Il Modulo sperimentale elettromeccanico (questo il nome per esteso del sistema di paratie mobili alle bocche di porto) è realizzazione mastodontica quanto allo stesso tempo necessaria. Alternative concrete e fattibili per evitare il progressivo inabissarsi dei fondali cittadini, per ora, non ne esistono. Poi certo, semmai la questione non è se l’opera vien fatta ma piuttosto come viene ad essere svolta. E per ora è quello dei costi l’unico innalzamento sensibile e di rilievo, ben al di là dei marosi che costringono i residenti sul Canal Grande a dotarsi di idrovore. Certo, un aumento dei costi in corso di lavori è assolutamente fisiologico e dovuto alle problematiche non prevedibili sulla carta ma che emergono quando si dà il via alle ruspe – o alle draghe, in questo caso. Diverso il discorso però se nell’arco di dieci anni la lievitazione incontrollata si attesta a niente meno che 1.3 miliardi aggiuntivi. Il motivo? Le deroghe contenute in una legge, la “Salva Venezia” del 1984, che prevede la possibilità di escludere aste d’appalto per l’assegnazione dei lavori. Deroghe così forti tanto che nemmeno la Commissione Europea è riuscita a imporre un cambio di marcia. Segno che quando l’intero arco costituzionale si muove compatto, i pugni a Bruxelles è capace di batterli per davvero.
Sì, l’intero arco costituzionale. Perché il sistema che sembra emergere dalla sequela di arresti è del tutto bi-partisan. Per quanto riguarda i nomi di spicco si va dal Pdl con l’ex governatore, Giancarlo Galan, al Partito Democratico con l’attuale sindaco di Venezia, Giorgio Orsoni. Senza dimenticare le cooperative che attraverso la potentissima bolognese e “rossa” CCC partecipano, insieme a grandi imprese private, al Consorzio Venezia Nuova, concessionario unico dei lavori. E’ proprio attraverso il consorzio che, nelle ipotesi dei magistrati, sarebbe transitato almeno un miliardo di euro fra consulenze dubbie e false fatturazioni. Spunta anche un pizzino di contabilità informale, dal quale si evincerebbero i contributi generosamente elargiti a parlamentari Pd e Pdl. Ai primi tramite le cooperative -nello specifico la veneta Coveco- che nella socialdemocrazia 2.0 sono probabilmente più organiche ai partiti rispetto ai tempi d’oro del connubio Coop – Pci.

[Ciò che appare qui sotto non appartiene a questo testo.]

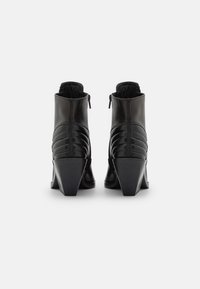 Zign Ankle boot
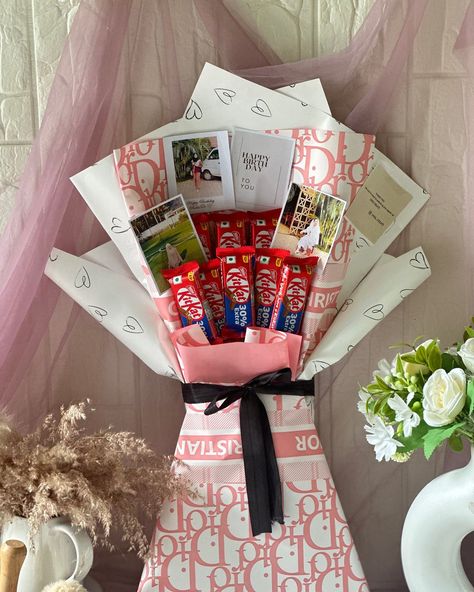 Bouquet Chocolate & Photos . . #bouquet #bouquetofflowers #chocolatebouquet #minibouquet #love #bestone #craft Photos Bouquet, Anniversary Bouquet, Bouquet Chocolate, Chocolate Photos, Bridal Gift Wrapping Ideas, Handmade Chocolates, Chocolate Bouquet, Pink Bouquet, Bridal Gift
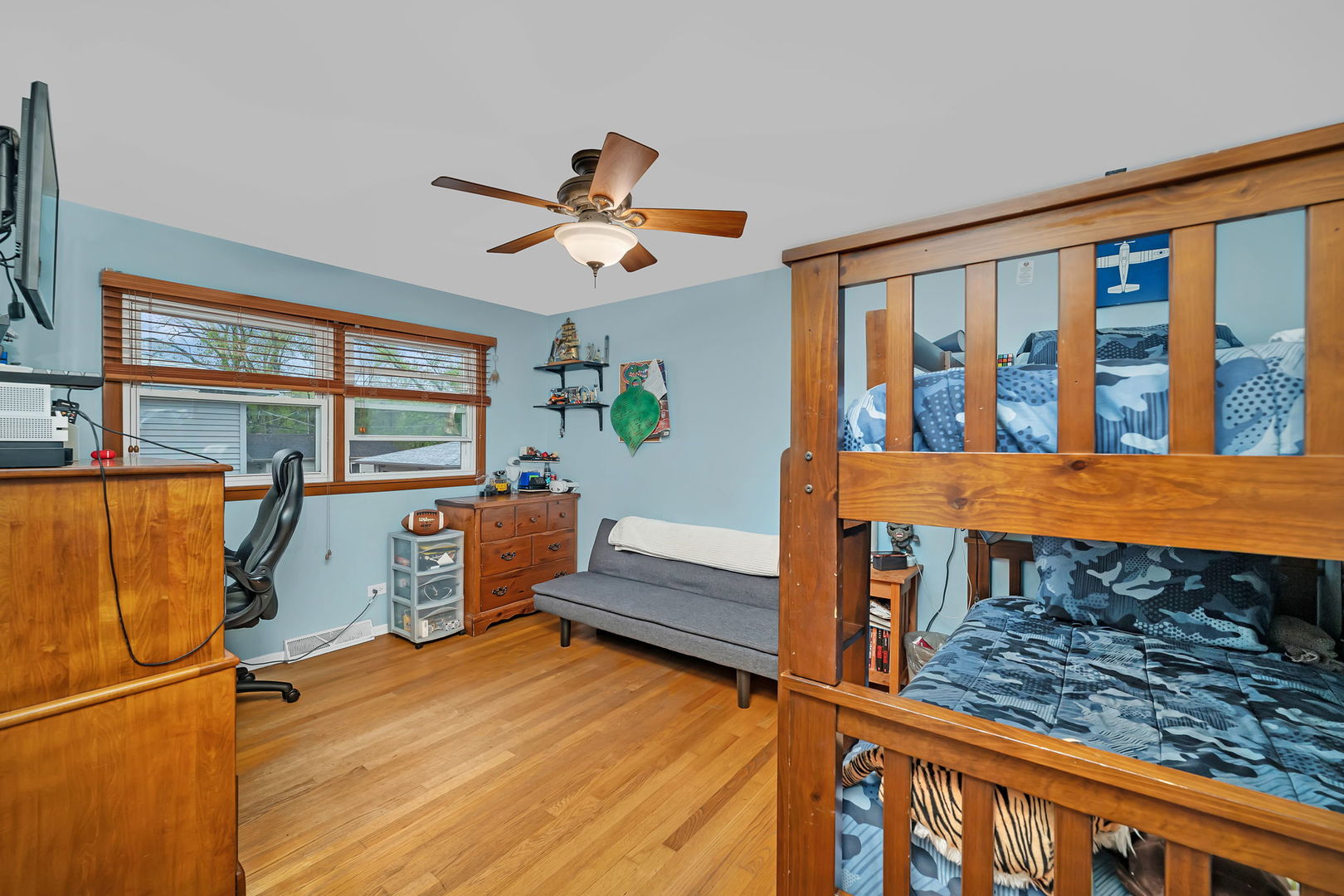 13808 Sandra Lane, Crestwood, IL 60418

Un sistema di potere consolidato ed oliato, affidato a mani già esperte ed ing rado di condizionare la realizzazione di qualsiasi opera. Non solo il Mose, dato che si va dal passante di Mestre alla prevista integrazione di tangenziali cittadine che dovrebbe collegare i capoluoghi veneti in parallelo all’autostrada A4. Sia detto per inciso: nulla invece sul fronte dell’alta velocità, che pur dovrebbe essere una priorità in una delle regioni più ricche del nord Italia e quindi d’Europa. Un sistema di potere che ricorda molto la Milano da bere sulla quale costruì le sue fortune il pool di mani pulite. Anzi, stando a quanto emerge dalle prime battute sembra si possa scoperchiare ben di peggio. Senza dimenticare quanto già emerso -e si rileva sempre il protagonismo del Pd- fra Umbria e Firenze, a proposito degli appalti per la Tav.
Dall’arresto di Mario Chiesa partì la vicenda che portò al tracollo della prima repubblica. Dalle bocche di porto di Venezia può prendere il via un secondo terre(mare)moto? L’unico dubbio, al momento, è sul fatto che a questa tornata da smantellare rimane giusto qualche scarsa briciola. I predatori veraci pronti a banchettare avrebbero così ben poco da spartirsi, senza considerare che le privatizzazioni sono già ripartite in grande stile e senza la necessità di una spinta. Forse la seconda repubblica può dormire sonni tranquilli.